How it Works¶

Alloy refinement process and corresponding storage locations

As seen in the above data flow diagram, DataForge intakes raw data, runs it through the Alloy refinement process and outputs an organized data warehouse. The refinement process consists of Ore, Mineral, Alloy, Ingot, and Product. Each of these stages of Alloy refinement are stored in tables, allowing you to easily query and inspect intermediate results directly. Alloy refining can be equated to 5 mandatory steps and 3 optional steps: Ingestion, Parse (for files only), Capture Data Changes (CDC), Enrichment, Refresh, Recalculation, Output (optional), and Post-Output (optional).

The data storage flow consists of four main structures: Raw Data, Data Lake, Data Hub, and Data Warehouse. Though not shown in the diagram, each step in each flow consists of generated and configuration metadata to aid the user in process management and configurations respectively.

To illustrate how the DataForge refinement process works, we will dive into each step and it's components.

Ore¶

Unrefined data captured exactly as delivered from the source.

DataForge does not generate or store data. DataForge relies on external raw data sources, and supports many types of data sources such as files, databases, APIs, and events.

Ingestion is the first step in the refinement process where data is copied from external data sources and ingested into the DataForge framework, ultimately creating a new table in Databricks or Snowflake. As DataForge ingests data for the refinement process, it identifies and stores information such as source database, original file location, and source schema within Ember, resulting in a self-managing data lake.

As file data can vary in format and nature, the Parse step is run after Ingestion for files to standardize/normalize the format of all data (think nomenclature and data types) before further refinement.

Both of these steps are facilitated by the Connections and Sources that you define.

Mineral¶

Purpose-built change detection isolates only the new or updated records.

The Mineral stage of the refinement process consists of DataForge detecting new or changed records within the data that has been ingested compared to data that is already refined. This Capture Data Changes process is driven based on the settings you optionally change within your Source, such as the refresh type.

Alloy¶

Business logic, joins, and enrichment are applied only to the incremental batch - improving both performance and predictability.

With a clean, well-formatted table listing all the records that need updating, it is time to enrich your data with Alloy through data quality checks and additional business logic. User-specified rules are created and managed for each dataset through the Source Relations and Rules interfaces to drive transformations and processing during an Enrichment step. DataForge provides a flexible, yet guided framework for data management, to assist you in creating always-valid relations between sources which allow you to transform your data using any combination of references across your datasets without concern for data duplication and bad joining of data.

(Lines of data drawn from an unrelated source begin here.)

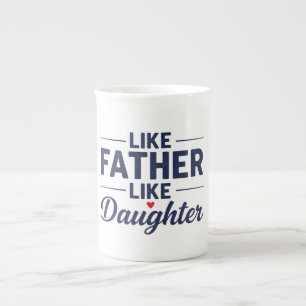 Wie Vater So Tochter Textdesign Porzellantasse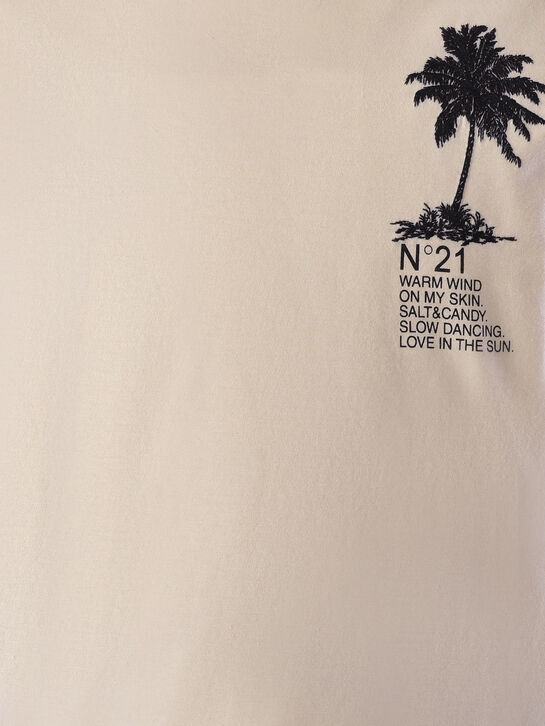 Футболка с принтом и черной окантовкой N21 , арт.  | Фото 3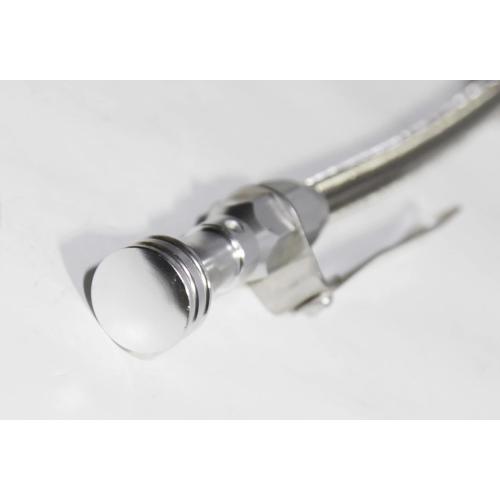 Stainless Steel Engine Oil Dipstick for SBC Chevy 1980-Up, Passenger Side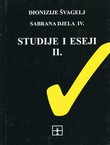 Sabrana djela IV. Studije i eseji II.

The Alloy process runs all of your business logic and rule transformations, appending new columns to the existing table containing only the records that need updating.

Ingot¶

The enriched batch is merged into the full dataset through a consistent refinement process that ensures clean, canonical results.

Each source has a hub table representing the truth of the most up-to-date data. The Ingot process begins with a Refresh step, which merges the results of Alloy into the hub table. As data moves through processing steps, DataForge automatically and continuously modifies the underlying table structures to ensure optimal performance.

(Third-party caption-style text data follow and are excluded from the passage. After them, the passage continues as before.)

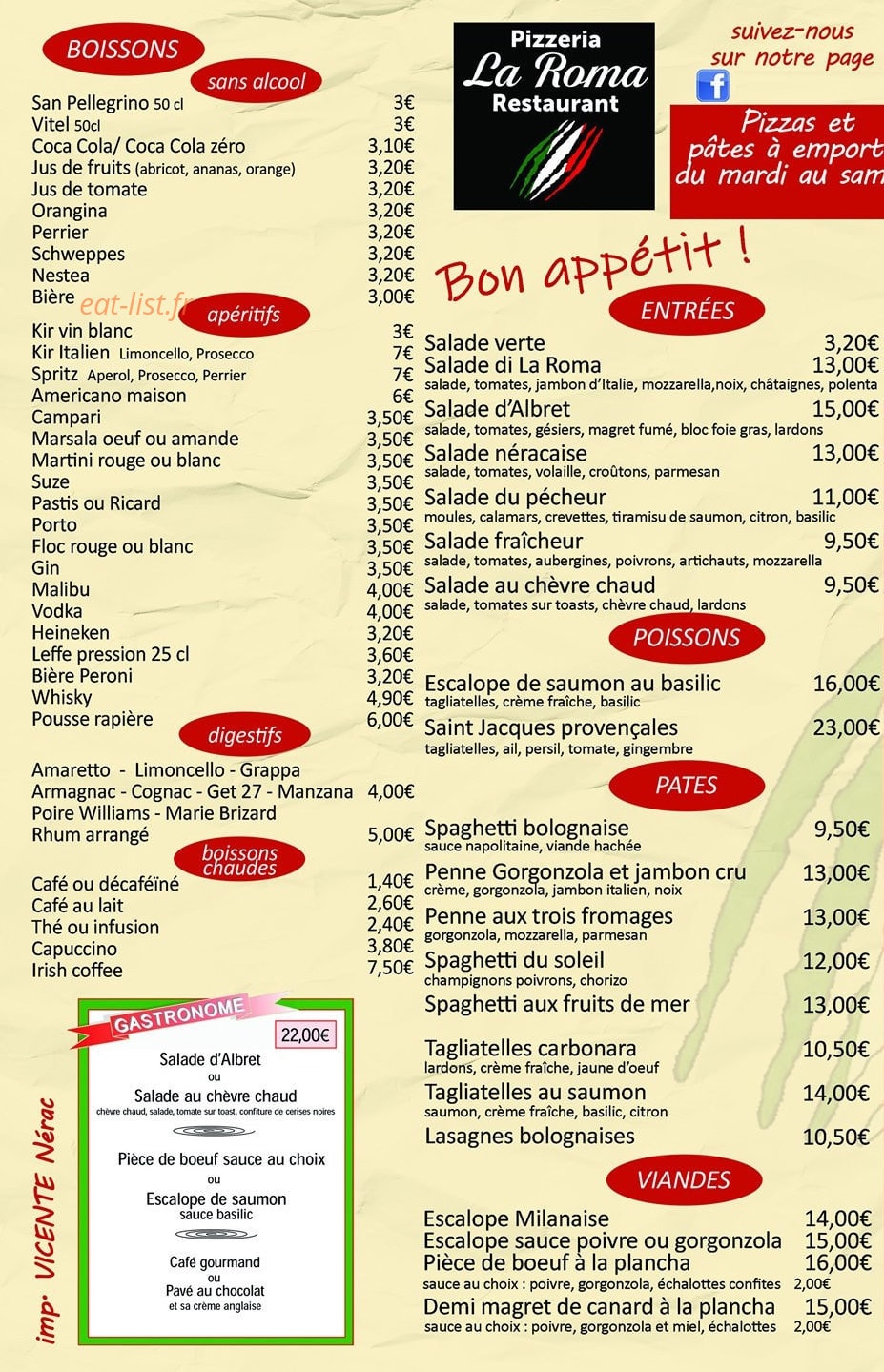 La Roma — carte page 2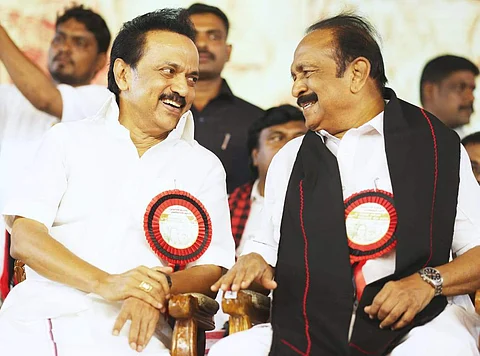 மதிமுக மாநாட்டில் வைகோவும், ஸ்டாலினும்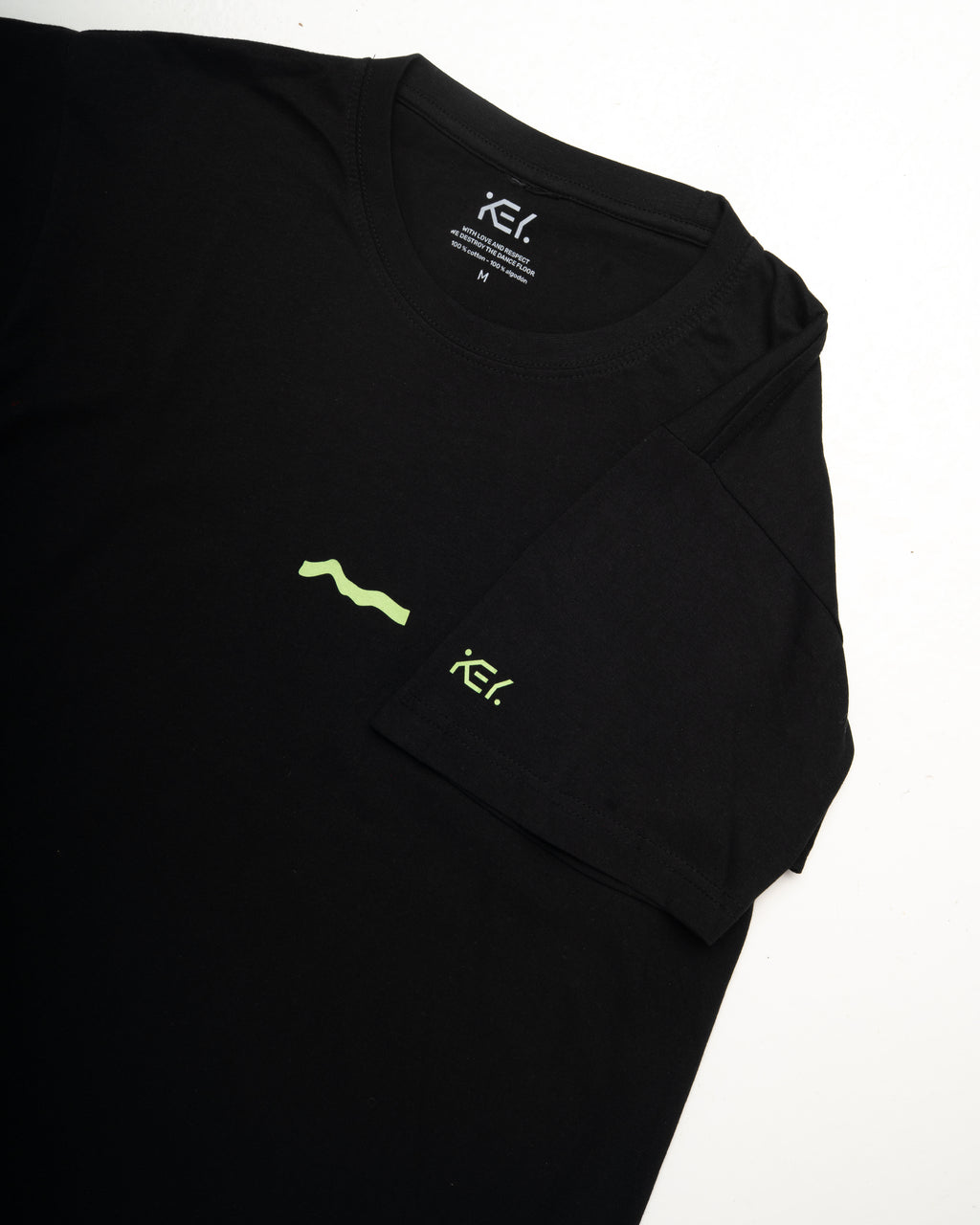 CAMISETA GOOD MUSIC VERDE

After Refresh, the Recalculate step runs which recalculates rules that you've identified to always keep current for historical data that has already run through the refinement process.

The result of the Ingot process is a finalized source hub table that is ready to be published or analyzed.

Product¶

Final data outputs are materialized for analytics, operational systems, and downstream consumers.

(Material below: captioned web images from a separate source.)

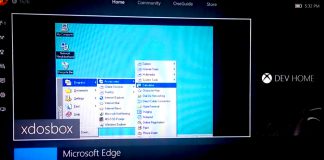 Xbox One running Windows  youtube screenshot
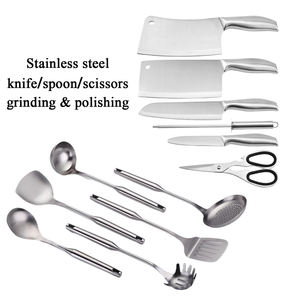 Machine à meuler et à polir les cuillères en acier inoxydable Polisseuse automatique avec polisseuse à main robotique - Product Image 3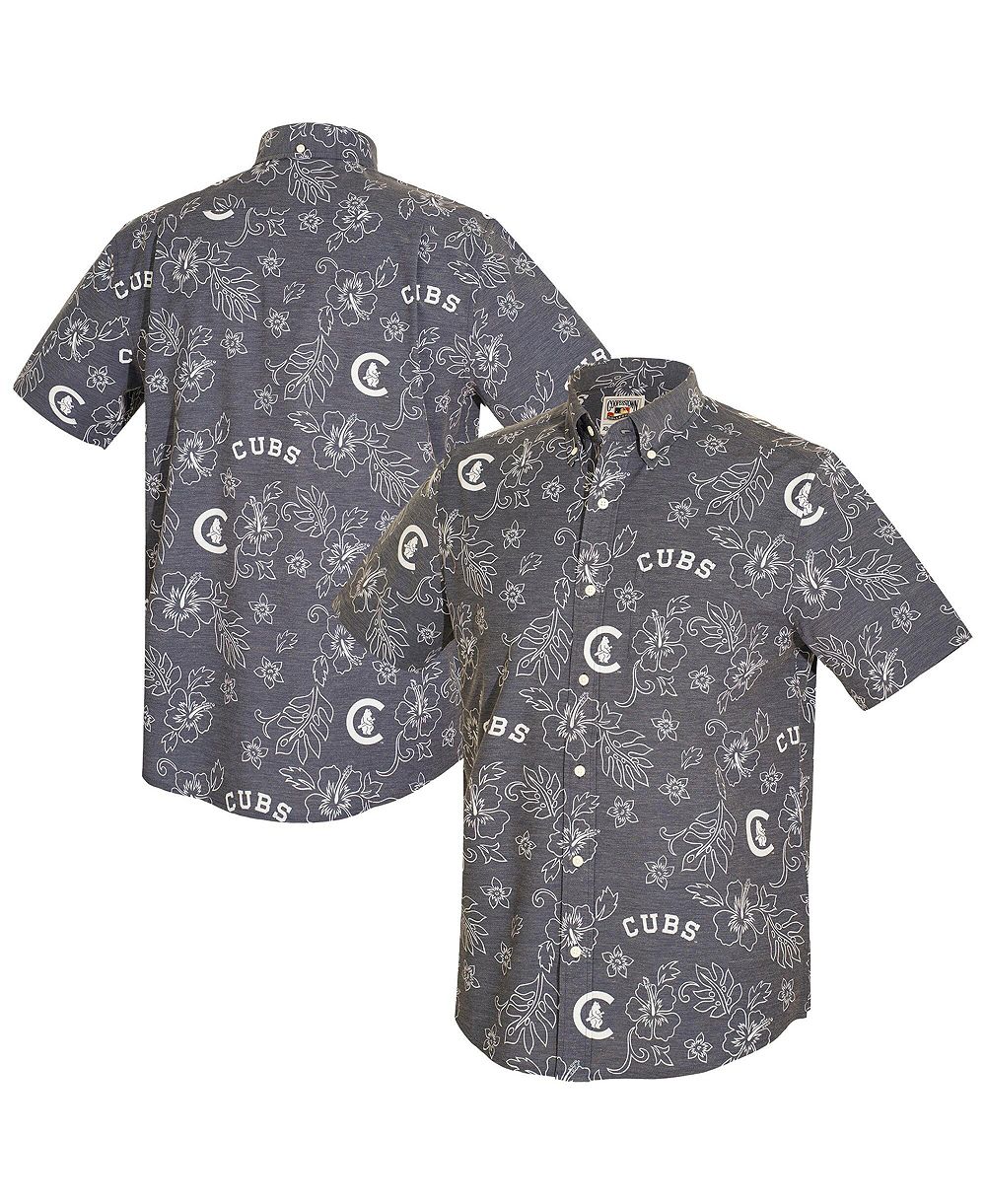 Reyn Spooner Мужская рубашка-поло Chicago Cubs Cooperstown Kekai Performance Tri-Blend, цвет Navy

The Product process is a layer where you can optionally combine and publish your refined data to external locations for consumption downstream. After data is fully refined in your source hub table, the Output step runs to publish your data externally to one or more destinations you choose, such as different tables or materialized views, files, or events, etc.

The Product phase allows you to use the pre-existing relation logic to combine and stack transformed data sets across your Sources to a single location. This phase of the process typically consists of very limited transformation logic, instead focusing on mappings of data sets and data fields from the source hub tables to the final location(s).

The Output step is facilitated by the Connections and Outputs screens in the DataForge interface.

DataForge supports most column-oriented storage technologies, such as SQL Server, Snowflake, Parquet, etc. and can fully manage the table structures, data models, and maintenance operations. However, you can optionally define custom code using the DataForge SDK to achieve anything you need that is not already provided. Any custom code is run as a Post Output step after Output completes.

Ember Metadata¶

Ember, DataForge's structured data catalog and declarative metadata engine, is used to drive all data processing during refinement. Ember consists of a combination of user, system, and process driven metadata. It is the definition layer that tells Alloy exactly how each step of the refinement process should behave. Ember is a proprietary catalog that you can easily query in Databricks or Snowflake at any time to see any details of your configurations or monitor processing.